Search code examples
gremlintinkerpopamazon-neptune

Map gremlin projection results


Imagine an item can be tagged by connecting unique tag nodes to a post with the twist that tags come from different sources. The source is recorded on the connecting edge, and there may be only one edge between a post and tag corresponding to the same source. This query returns posts and their tags with the tag containing details of source and score:

  project('title', 'tags').by('title').
    by(inE().as('rel').
      hasLabel('tags').project('value', '_rel').
        by(outV().hasLabel('tag').values('value')).
        by(project('score', 'source').
            by('score').by('source')).
      group().
        by(values('value'))
          
    )

The result is in the following shape:

[
  {
    "title": "x",
    "tags": {
      "dog": [
        {
          "value": "dog",
          "_rel": {
            "score": 5,
            "source": "user"
          }
        }
      ],
      "cat": [
        {
          "value": "cat",
          "_rel": {
            "score": 3,
            "source": "user"
          }
        },
        {
          "value": "cat",
          "_rel": {
            "score": 2,
            "source": "google"
          }
        }
      ]
    }
  }
]

Question is: how can this shape be transformed to the more compact form below?

{
  "title": "x",
  "tags": [
    {
      "value": "dog",
      "_rel": [
        {
          "score": 5,
          "source": "user"
        }
      ]
    },
    {
      "value": "cat",
      "_rel": [
        {
          "score": 2,
          "source": "google"
        },
        {
          "score": 3,
          "source": "user"
        }
      ]
    }
  ]
}

This is a typescript (and Neptune) implementation so some limitations apply.

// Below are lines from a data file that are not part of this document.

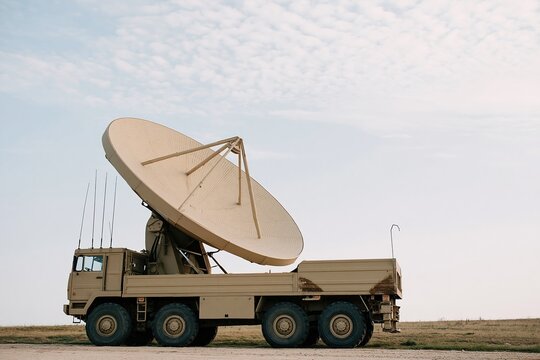 Large parabolic antenna on a heavy truck chassis, featuring a weathered matte finish and textured mesh for communications infrastructure and defense technology, with copy space
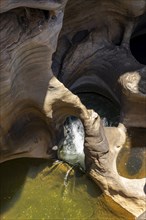 Water flowing through eroded rock formations, canyon with steep orange-coloured rock cliffs with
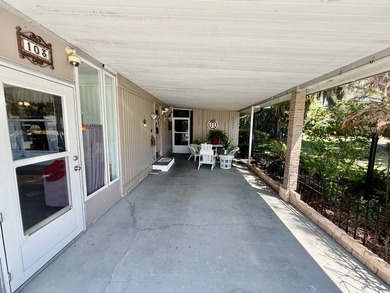 Home is located in Water Oak Country Club Estates, an active 55 on Water Oak Country Club Estates in Florida - for sale on GolfHomes.com, golf home, golf lot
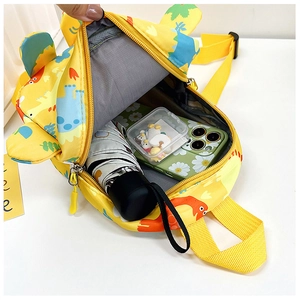 Top view of yellow cartoon dinosaur backpack showing spacious inner compartment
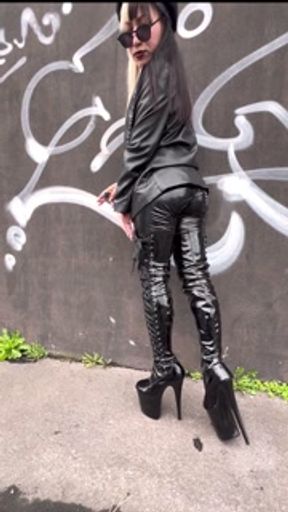Smoking fetish walk with pvc pleaser boots and leather Miss Sandra D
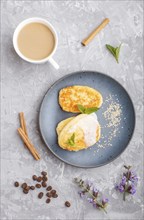 Cheese pancakes on a blue ceramic plate and a cup of coffee on a gray concrete background. top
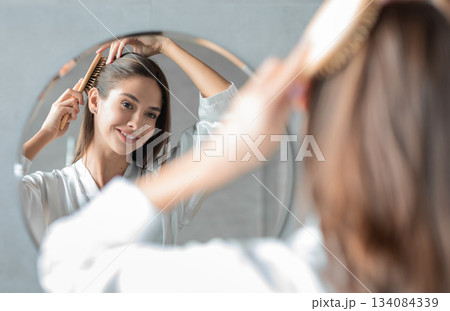 Portrait Of Young Attractive Lady Combing Her Hair With Brush And Looking At Mirror While Standing Near Mirror In Bathroom, Beautiful Female Enjoying Self-Care, Selective Focus On Reflection 134084339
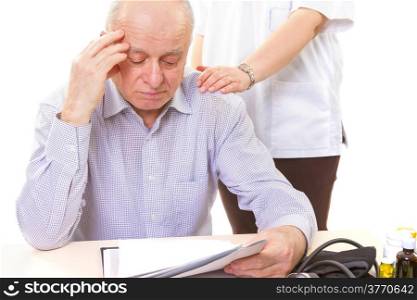 doctor comforting mature stressed patient with headache. doctor with senior patient
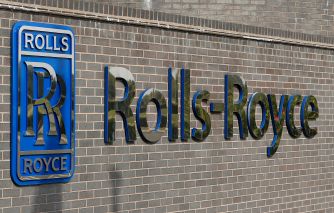 Signage of Rolls-Royce displayed on a brick wall, emphasizing the company's branding.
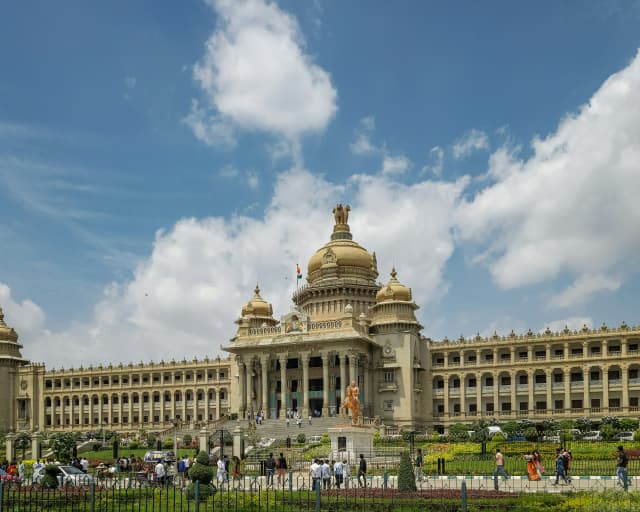Vidhana Soudha in Bangalore featuring massive pillars, domes, and the iconic government building design.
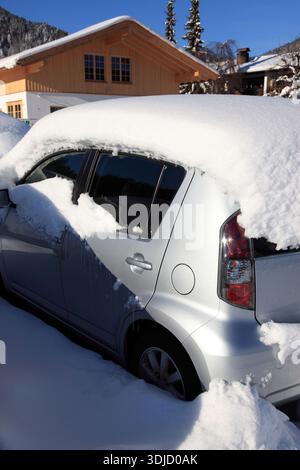 Unter einem gnadenlosen weißen Grabtuch begraben, kämpft ein elegantes rotes Coupé um das Überleben gegen den wilden Winterangriff St. Bad Wiessee, Bayern. Stockfoto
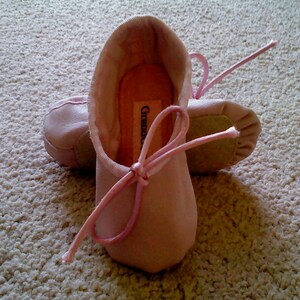 May include: A pair of pink ballet slippers with a pink ribbon tied around the front. The slippers have the word "Grazie" written on the inside.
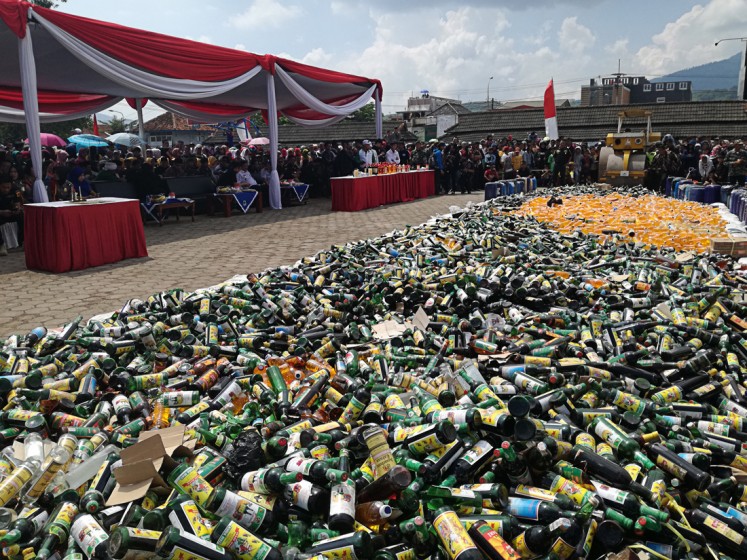 Dangerous substance: Thousands of bottles of 'oplosan' (bootleg liquor) are destroyed at Alun-Alun Cicalengka, Bandung regency, West Java, on April 19. 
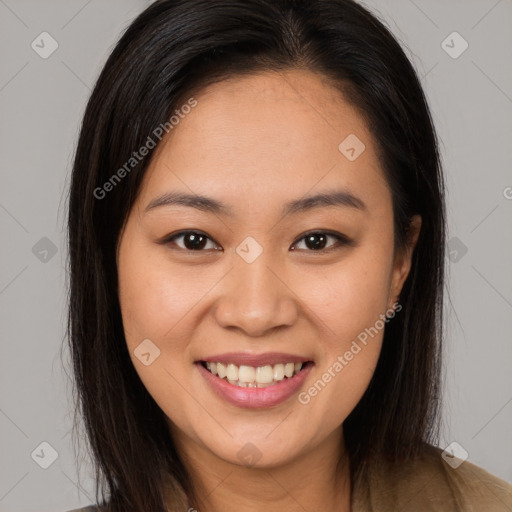 Joyful latino young-adult female with long  brown hair and brown eyes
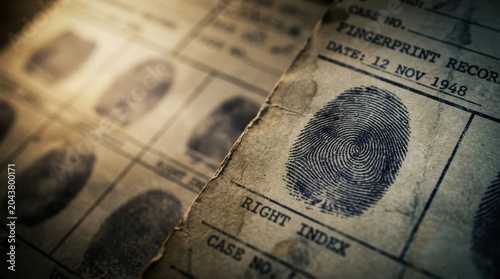 Close-up of a vintage fingerprint record card showing a right index print, dated 1948.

A minimal sample graph is available at https://gremlify.com/khvizyzeqg and below:

  property(single, 'value', 'cat').addV('tag').
    as('2').
  property(single, 'value', 'dog').addV('post').
    as('3').
  property(single, 'title', 'x').addE('tags').
  from('1').to('3').property('score', 3).
  property('source', 'user').
  property('value', 'cat').addE('tags').
  from('1').to('3').property('score', 2).
  property('source', 'google').
  property('value', 'cat').addE('tags').
  from('2').to('3').property('score', 5).
  property('source', 'user').
  property('value', 'dog')

Solution

  • This first answer isn't quite what you asked for because the format doesn't exactly match the example you presented, however I think it's worth considering as usable since it offers a more compact data structure with the same content and the Gremlin is quite readable:

    gremlin> g.V().hasLabel('post').
    ......1>   project('title', 'tags').
    ......2>     by('title').
    ......3>     by(inE().hasLabel('tags').
    ......4>        group().
    ......5>          by('value').
    ......6>          by(project('score','source').
    ......7>               by('score').by('source').
    ......8>             fold()))
    ==>[title:x,tags:[cat:[[score:2,source:google],[score:3,source:mobius]],dog:[[score:5,source:mobius]]]]
    

    This second answer produces output that should match your requested output, but as you can see it forces you to destructure the Map above just to re-write it back to match the form you wanted:

    gremlin> g.V().hasLabel('post').
    ......1>   project('title', 'tags').
    ......2>     by('title').
    ......3>     by(inE().hasLabel('tags').
    ......4>        group().
    ......5>          by('value').
    ......6>          by(project('score','source').
    ......7>               by('score').by('source').
    ......8>             fold()).
    ......9>        unfold().
    .....10>        project('value','_rel').
    .....11>          by(keys).
    .....12>          by(values).
    .....13>        fold())
    ==>[title:x,tags:[[value:cat,_rel:[[score:2,source:google],[score:3,source:mobius]]],[value:dog,_rel:[[score:5,source:mobius]]]]]